Boys 11/12 year olds

  • PITCHING: 375 points: Alex Hallam – 2010; Matthew Kainrath – 2009
  • HITTING: 296 points: Gunnar Stanke – 2008
  • RUNNING: 383 points: Dylan Vaca – 2009
  • ALL-AROUND: 786 points: Matthew Kainrath – 2009

Boys 13/14 year olds

  • PITCHING: 375 points: Shane Carmody – 2010; Matt Yonkovich – 2010
  • HITTING: 368 points: Jacob Razo – 2008
  • RUNNING: 422 points Shane: Carmody – 2010
  • ALL-AROUND: 1103 points: Shane Carmody – 2010

FAQs on Pitch Hit and Run

What is the age group breakdown for the Major League Baseball Pitch Hit & Run events?

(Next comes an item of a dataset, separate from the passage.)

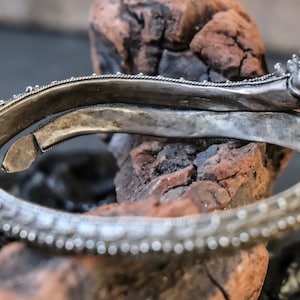 Pu&ograve; includere: Braccialetto d'argento con dettagli intricati e una chiusura a testa di drago. Il braccialetto &egrave; aperto e appoggiato su un pezzo di legno.
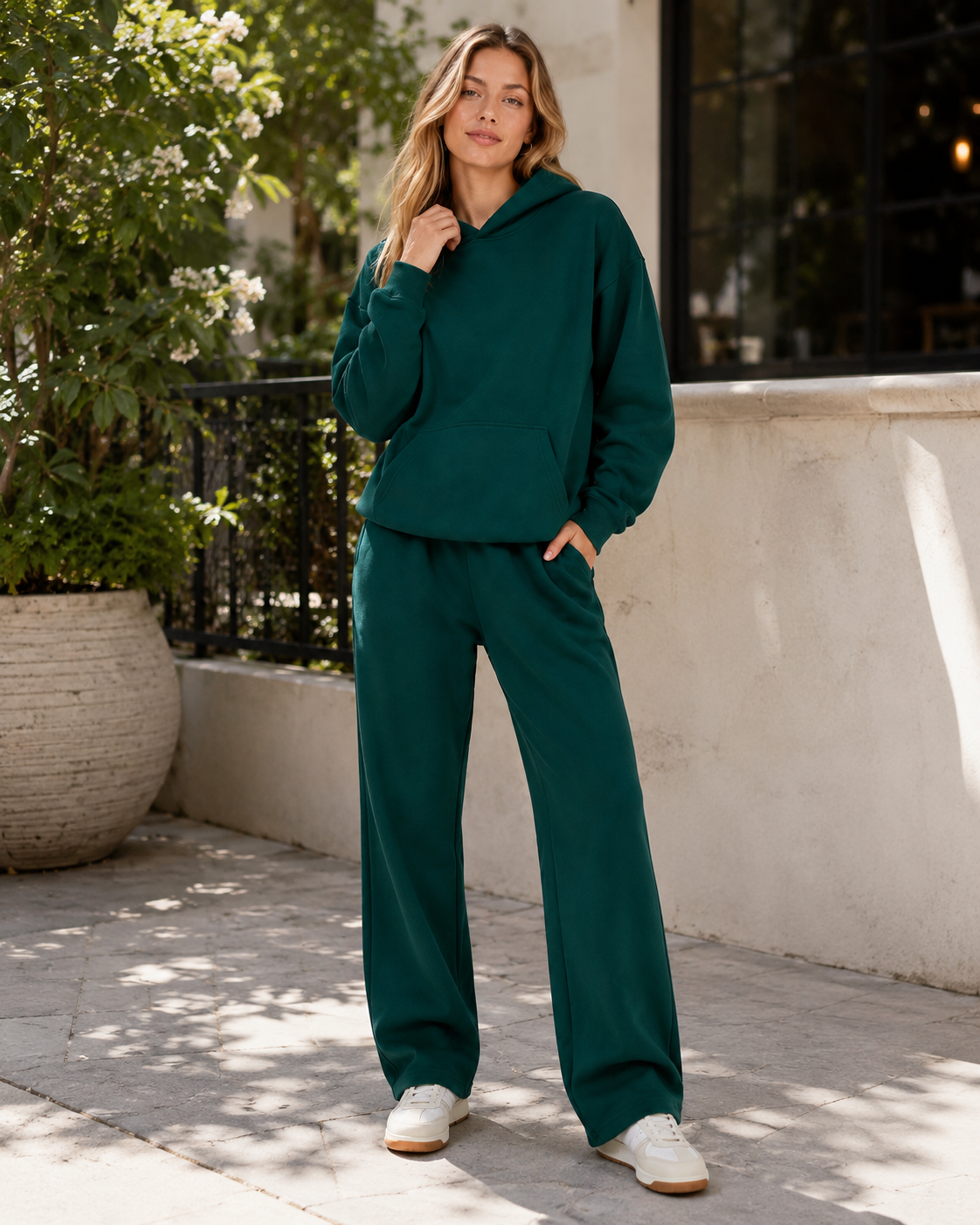 Detailed view of French terry hoodie and sweatpants showing smooth knit texture, ribbed trims, elastic waist and pocket construction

The age groups are as follows:
Age 7/8:  July 18, 2013 – July 17, 2015
Age 9/10:  July 18, 2011  – July 17, 2013
Age 11/12:  July 18, 2009 – July 17, 2011
Age 13/14:  July 18, 2007 – July 17, 2009

What are the prizes or awards given?

Competitors will earn an item for their participation at each competition stage. Ribbons, medals, trophies, and other honors are awarded various game levels. All-Star Game tickets are awarded to National Finalists.

The Bottom Line

The pitch hit and run is an opportunity provided to the young participants free of cost to instill in them an interest in the sport. The various skills one needs to develop to be a successful baseball player is the objective behind hosting the pitch hit and run competition.